Records from a data source
● ● ● ● ●
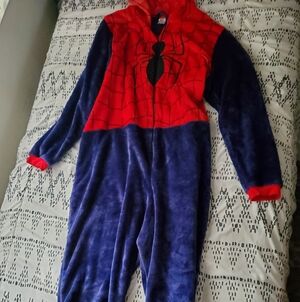 Spiderman Red and Blue Fleece Onesie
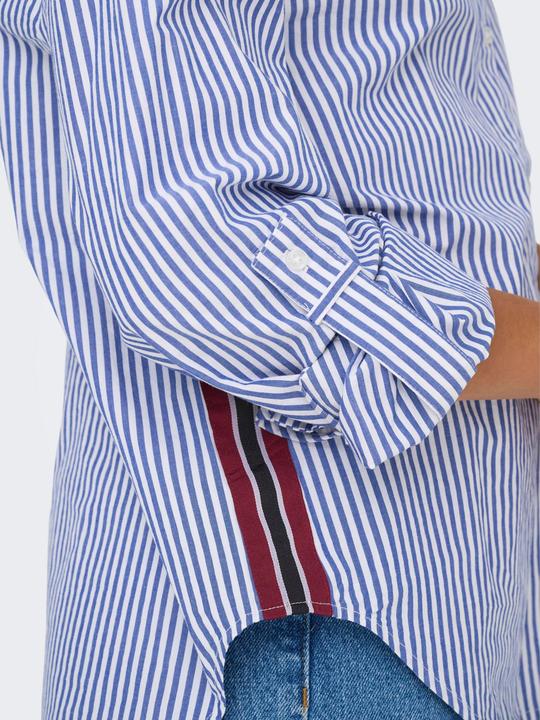 Immagine prodotto Only Normal geschnitten Hemdkragen Ärmelbündchen mit Knopf Hemd Hemd (L)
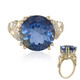 Gouden ring met een kleurwissel fluoriet (de Melo)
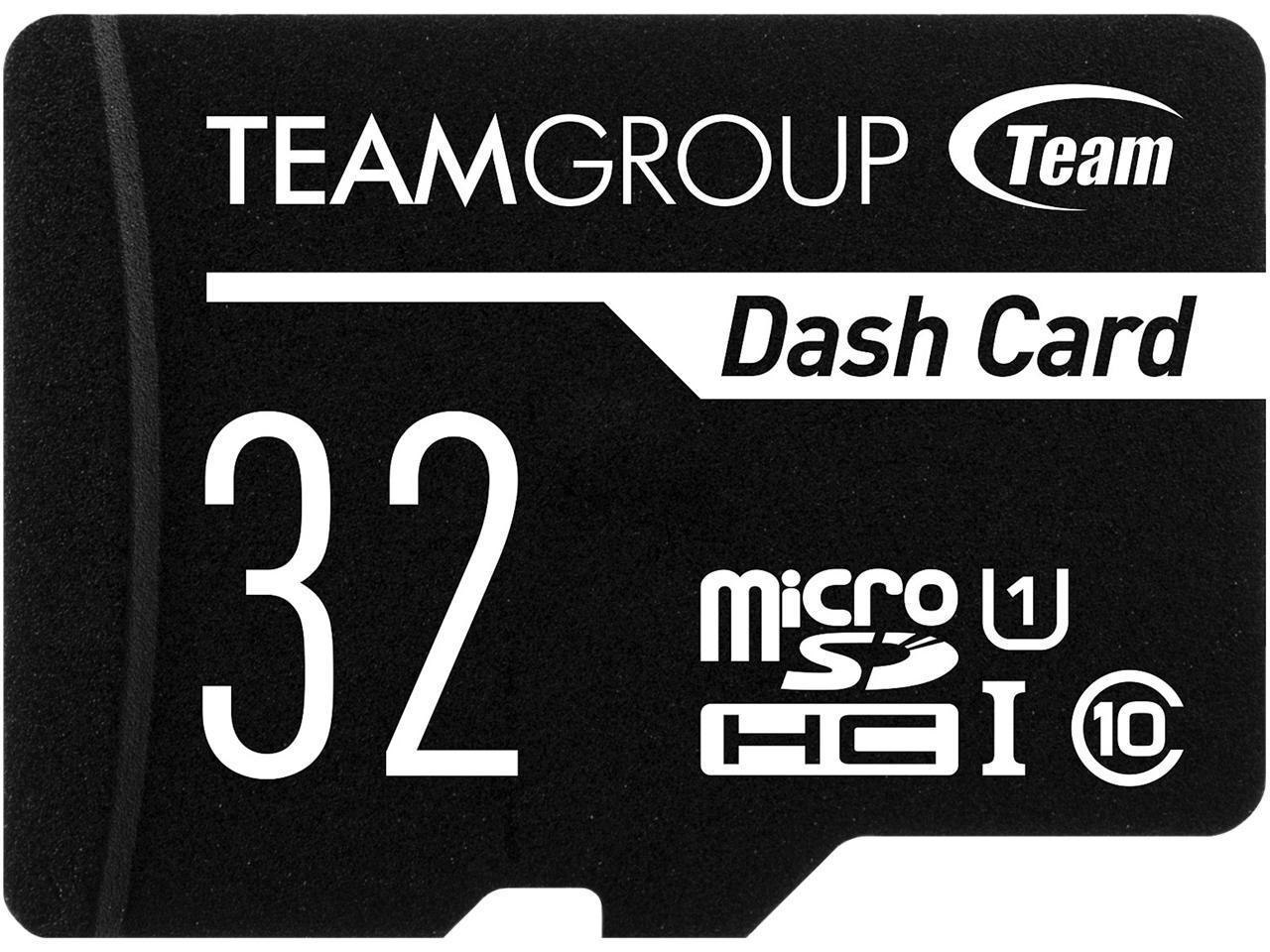 Teamgroup Dash Micro SDHC 32GB Uhs-I Retail W/1Adapter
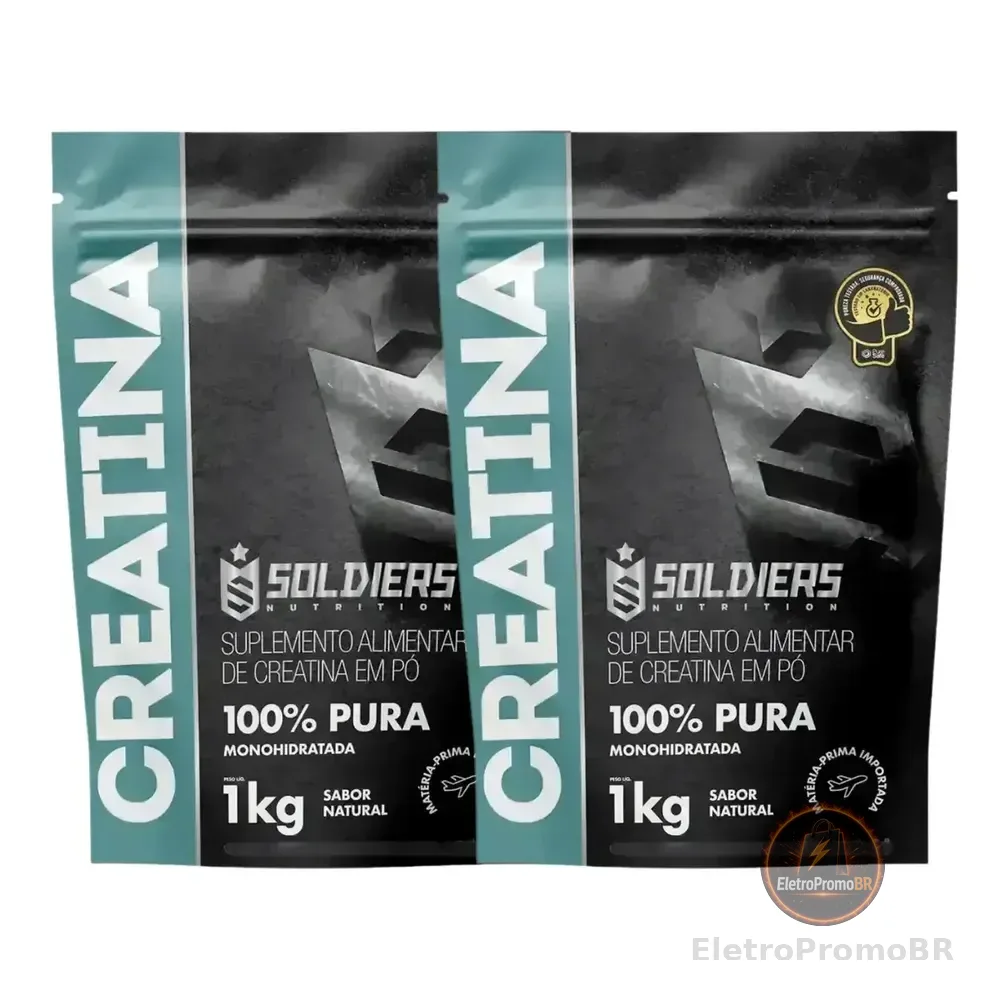Creatina 2kg Suplemento Monohidratada em pó 100% Pura - Soldiers Nutrition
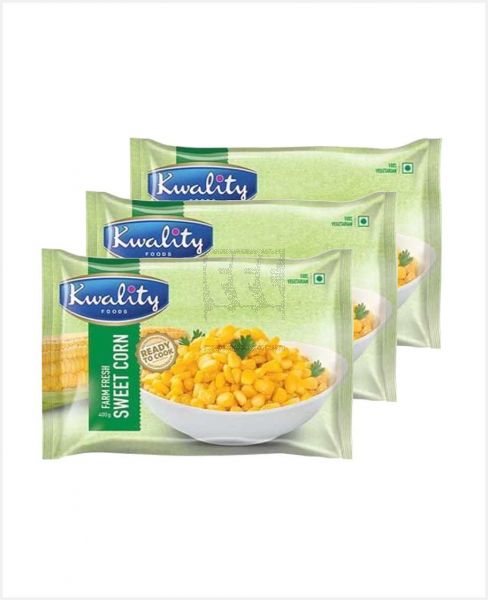 KWALITY SWEET CORN 3X400GM PROMO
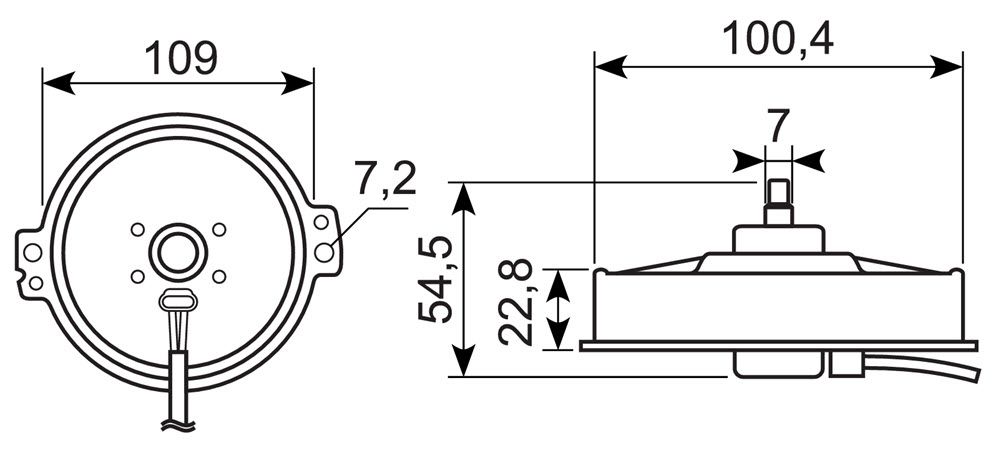 Motor for slimline 24 V. 6.5A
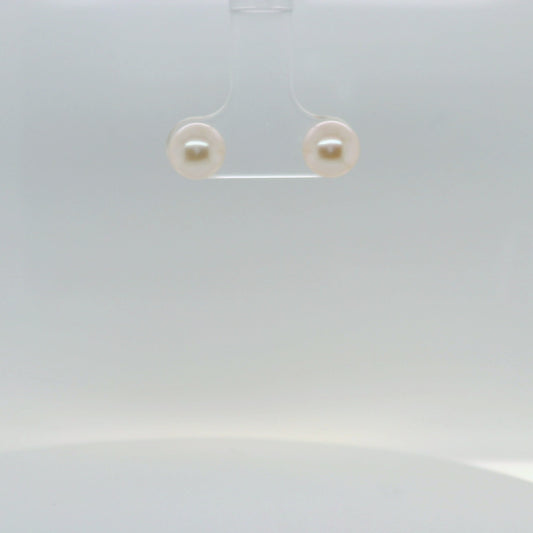 Round Pearl Studs 7-7.5mm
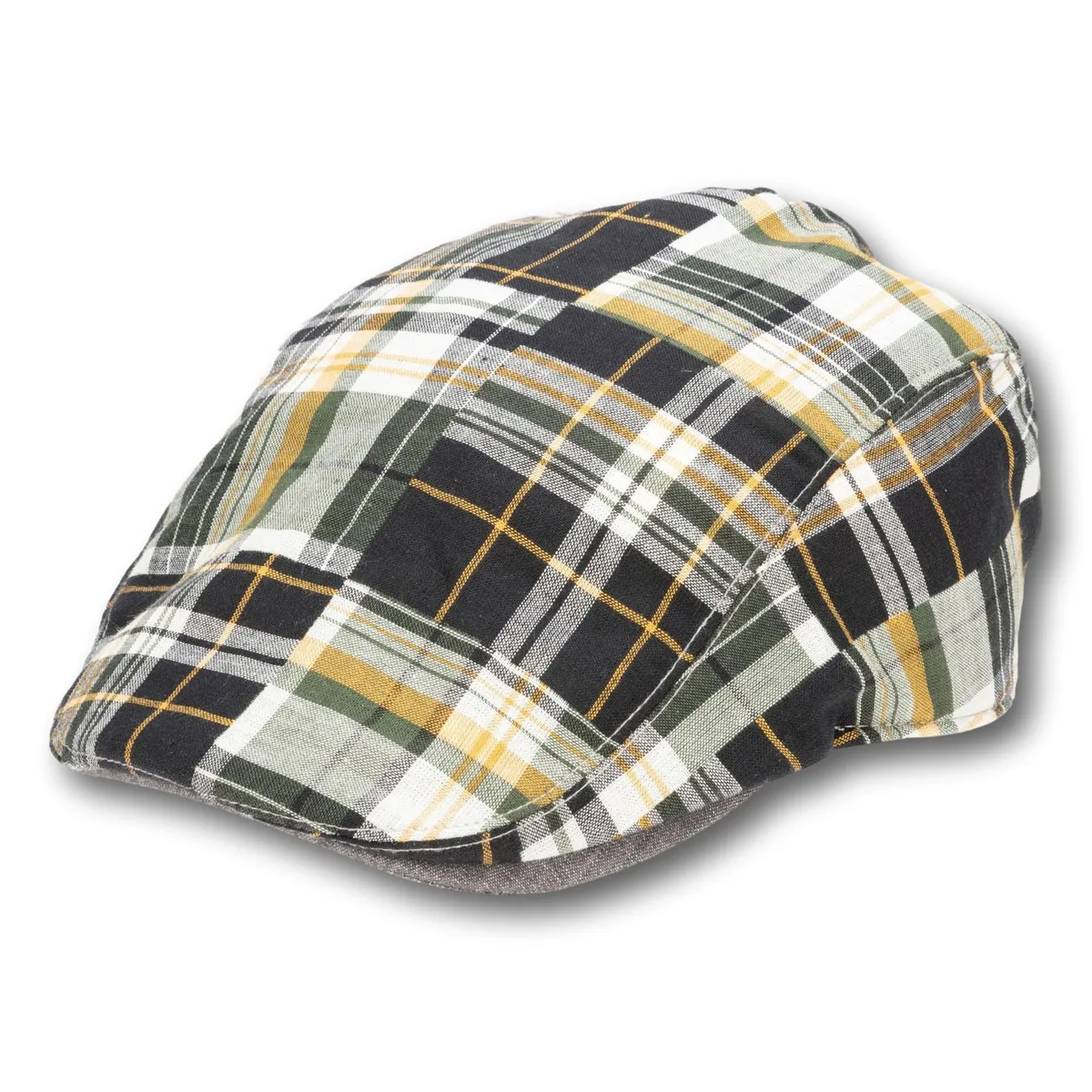 Multi Plaid Ivy Cap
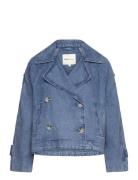 Short Denim Trench Blue Tom Tailor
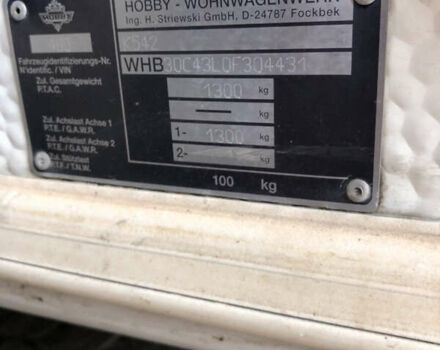 Хобби Wohnwagenwerk 2003 в Кривом Роге на Automoto.ua Белый Хобби Wohnwagenwerk, объемом двигателя 0 л и пробегом 2 тыс. км за 9500 $, фото 24 на Automoto.ua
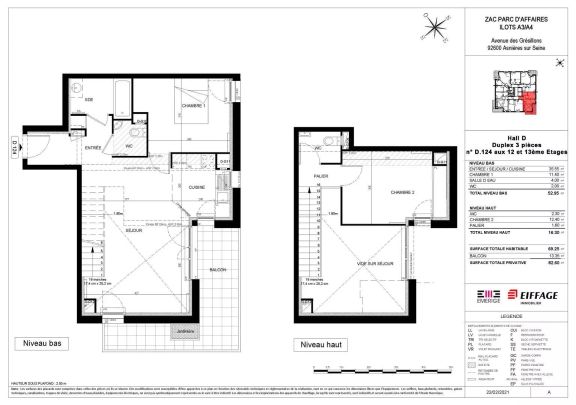 location Appartement T3 DE 69.25m² À ASNIERES - Photo 1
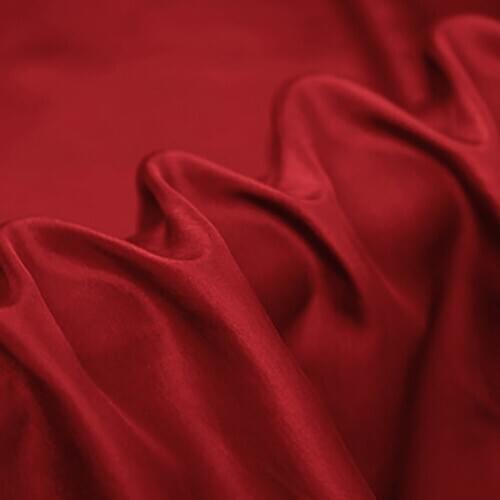 CISULI 8momme SILK HABOTAI 114cm width Pure Silk Fabric to Sew Lining of Plus Size Dress and Vestidos NO.01 China Red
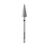 Ülka. Carbide nail bit, cone, blue, Ø 6 mm / роб. частина 15 mm, Фреза твердосплавна "Конус" синя #2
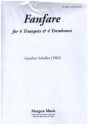Fanfare for 4 trumpets and 4 trombones score and parts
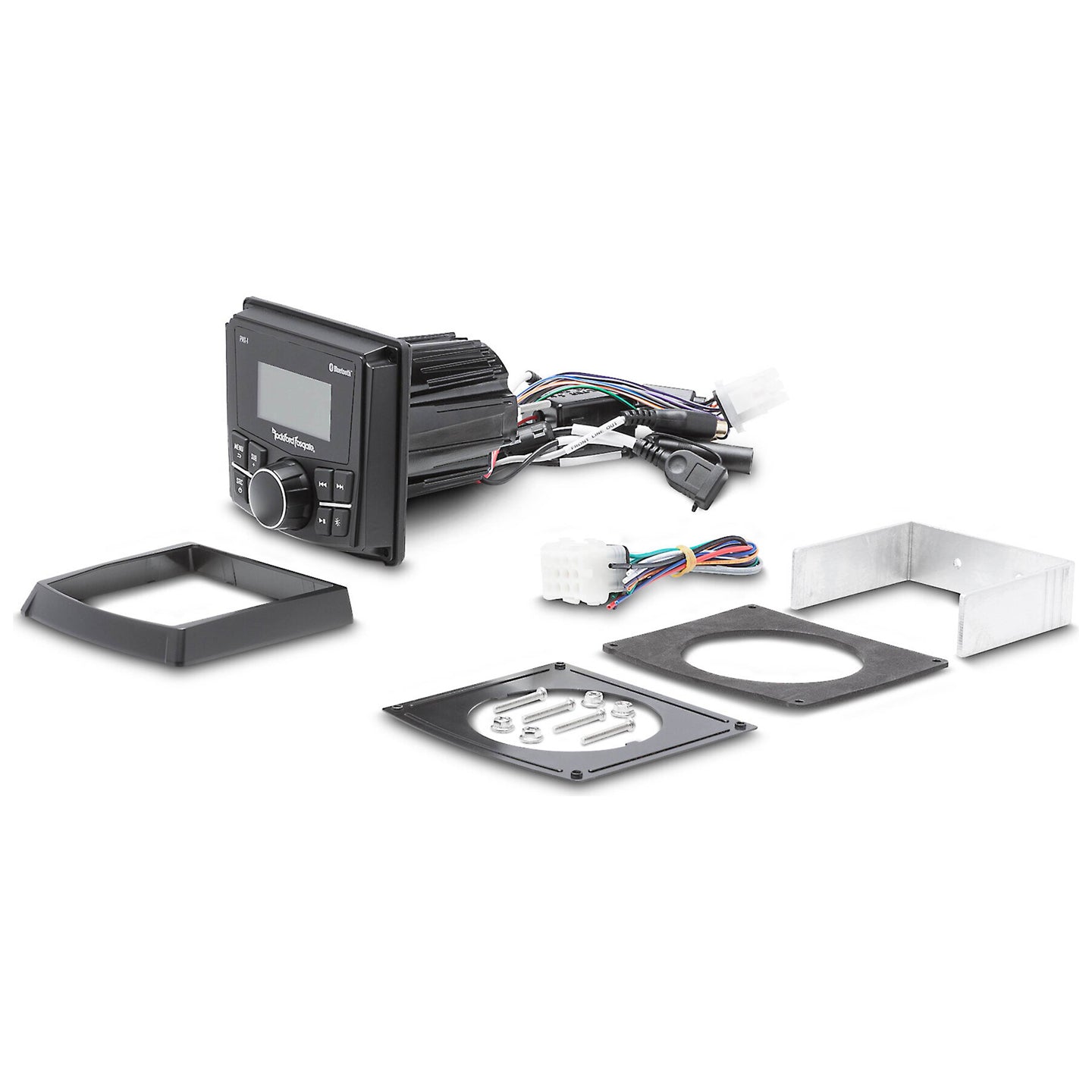 Rockford Fosgate PMX-1, Punch 2.3" Wet Bonded IPx6 Monochrome Dot Matrix Display Media Receiver
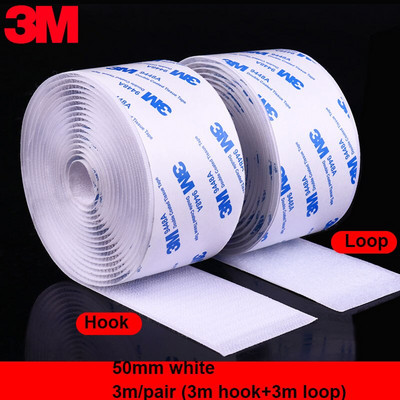 3 metre/rola samolepiacej upevňovacej pásky so suchým zipsom, obojstrannej pásky s lepidlom na bytové dekorácie 20/25/30/38/50/100 mm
● ● ● ● ●
▸ **What is needed**: The line containing "Fanfare for 4" and every line after it, through the end of the data, are to be output exactly. Omit the pictures.

▸ **Reply to the task**:
Fanfare for 4 trumpets and 4 trombones score and parts
 Rockford Fosgate PMX-1, Punch 2.3" Wet Bonded IPx6 Monochrome Dot Matrix Display Media Receiver
 3 metre/rola samolepiacej upevňovacej pásky so suchým zipsom, obojstrannej pásky s lepidlom na bytové dekorácie 20/25/30/38/50/100 mm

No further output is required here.